Community 'Outing' of RSOs
Increasingly, the internet and in particular social media are being used in efforts to actively identify Registered Sex Offenders (RSOs) within communities, commonly referred to as ‘Outing’ of RSOs, and organise public protests to target them at their home addresses. While local residents may see this as responsible and community minded action, it actually undermines the significant efforts undertaken by Police and partners to manage RSOs
Police and partners have a legal responsibility under MAPPA to manage all RSOs living in communities. This is achieved by working together to assess the risk posed by each RSO and implementation of tailored Risk Management Plans with appropriate measures to manage those risks.
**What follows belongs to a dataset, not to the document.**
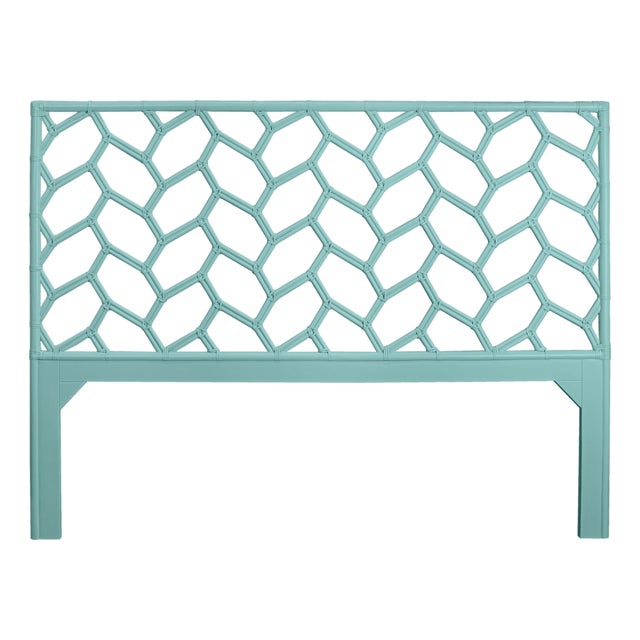 Silas Headboard King - Turquoise For Sale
This may include measures of support which provide a level of stability, which in turn reduces risk.
As a result, the majority of RSOs do not present a high risk of serious sexual harm and their sexual re-offending rate is extremely low – significantly lower in comparison to other types of offenders.
With very few exceptions, RSOs are entitled to live in any property they own or are otherwise accommodated in by a Local Authority or other housing provider. Their addresses undergo stringent assessment by MAPPA partners, to ensure every reasonable precaution has been taken to safeguard both the local community and the offender.
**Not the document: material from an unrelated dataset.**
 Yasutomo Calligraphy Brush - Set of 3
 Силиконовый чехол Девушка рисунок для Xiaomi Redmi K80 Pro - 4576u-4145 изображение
Housing is recognised as a critical factor in providing stability, which can help to reduce any risk posed by such offenders.
The practice of identifying RSOs and ‘outing’ them via social media, protesting outside their homes and physically confronting them can have a destabilising effect which significantly impacts on the ability of the police and partners to manage them effectively in the community. It also requires the deployment of additional policing resources reducing the ability to respond quickly and effectively to other calls for police assistance within communities.
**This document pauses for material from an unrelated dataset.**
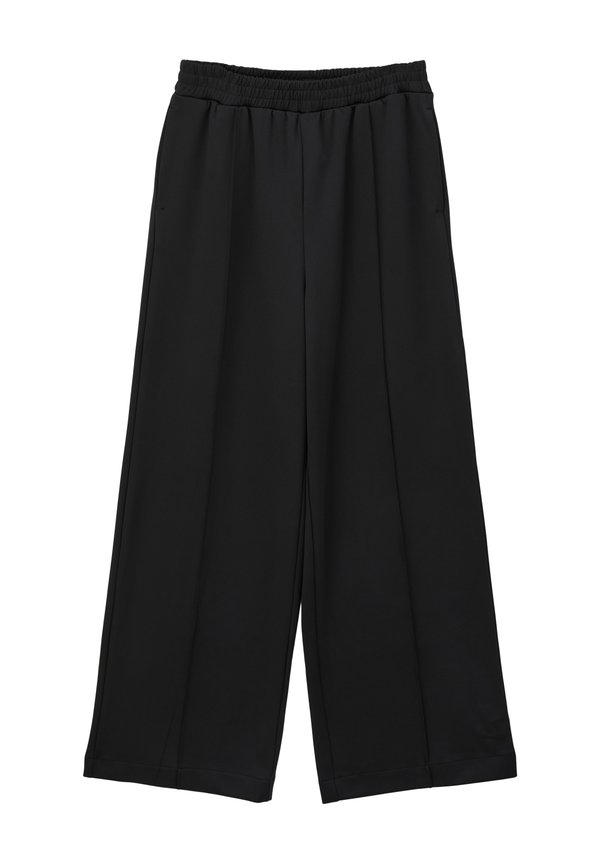 LOOSE MIT BIESENFALTEN - Stoffhose - schwarz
While most protests are peaceful, there have been instances whereby property has been damaged and individuals assaulted or threatened with physical violence. There have also been instances of mistaken identity resulting in innocent parties being targeted and their property damaged by members of their own local communities.
We would ask people to consider the potential consequences of their actions. Criminal behaviour will not be tolerated and those responsible will be arrested.